# TDAMapper Visualization of the BitcoinHeist Dataset
This notebook demonstrates how to use KeplerMapper to analyze the BitcoinHeist dataset for ransomware detection in the Bitcoin blockchain. We'll preprocess the data, apply a dimensionality reduction technique, and visualize it using TDAMapper.


In [19]:
# Ensure that the necessary packages are installed
#!pip install kmapper scikit-learn pandas matplotlib

In [20]:
# Import necessary libraries
import pandas as pd
import numpy as np
import kmapper as km
from sklearn.preprocessing import StandardScaler
from sklearn.decomposition import PCA




## Overview of the BitcoinHeist Dataset

The BitcoinHeist dataset is a rich collection of data extracted from the Bitcoin blockchain, designed specifically for the analysis of ransomware transactions. It includes detailed information on Bitcoin transactions that have been flagged as potential ransom payments.

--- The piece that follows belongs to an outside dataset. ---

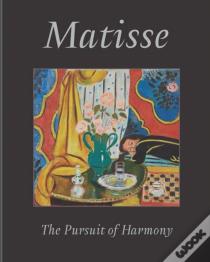 Matisse
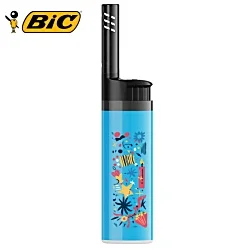 BIC® EZ Reach™ Lighter - Digital Print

URL: https://www.ijcai.org/proceedings/2020/0612.pdf

### Dataset Description

- **Data Points:** The dataset comprises transactions sampled over several years from the Bitcoin blockchain.
- **Features:** Each transaction in the dataset is characterized by several features such as:
  - `address`: The Bitcoin address involved in the transaction.
  - `year`: The year the transaction was made.
  - `day`: The day of the transaction within the year.
  - `length`: A metric indicative of the length of the transaction chain.
  - `weight`: A measure of the transaction's cumulative security based on the participating addresses.
  - `count`: The number of transactions associated with the specific address.
  - `looped`: The number of looped transactions to self.
  - `neighbors`: The number of neighboring nodes in the transaction graph.
  - `income`: The amount of Bitcoin transacted.
  - `label`: Classification of the transaction (e.g., 'white' or, 'ransomwarex', specific ransomware family names).

### Use Cases

This dataset is widely used in cybersecurity research to develop models that can identify and classify ransomware transactions based on blockchain analysis. By applying machine learning and data mining techniques, researchers can:
- Detect unusual patterns indicating fraudulent activities.
- Develop systems that automatically flag transactions related to ransomware.
- Analyze trends in ransomware evolution over time based on transaction data.

### Dataset Accessibility

The BitcoinHeist dataset is typically available through academic data repositories and can be used under specific terms and conditions for educational and research purposes.

https://www.kaggle.com/datasets/sapere0/bitcoinheist-ransomware-dataset
https://archive.ics.uci.edu/dataset/526/bitcoinheistransomwareaddressdataset

### Visualization and Analysis

Using data visualization and topological data analysis tools like KeplerMapper, we can explore complex patterns and relationships within the data, providing insights that are critical for enhancing blockchain security measures.

---

**Note:** The article originally uses the R:TDAMapper code (on temporal snapshots) but the library code is outdated now. Below we only give a Python overview of the data without using a rigorous backtesting approach.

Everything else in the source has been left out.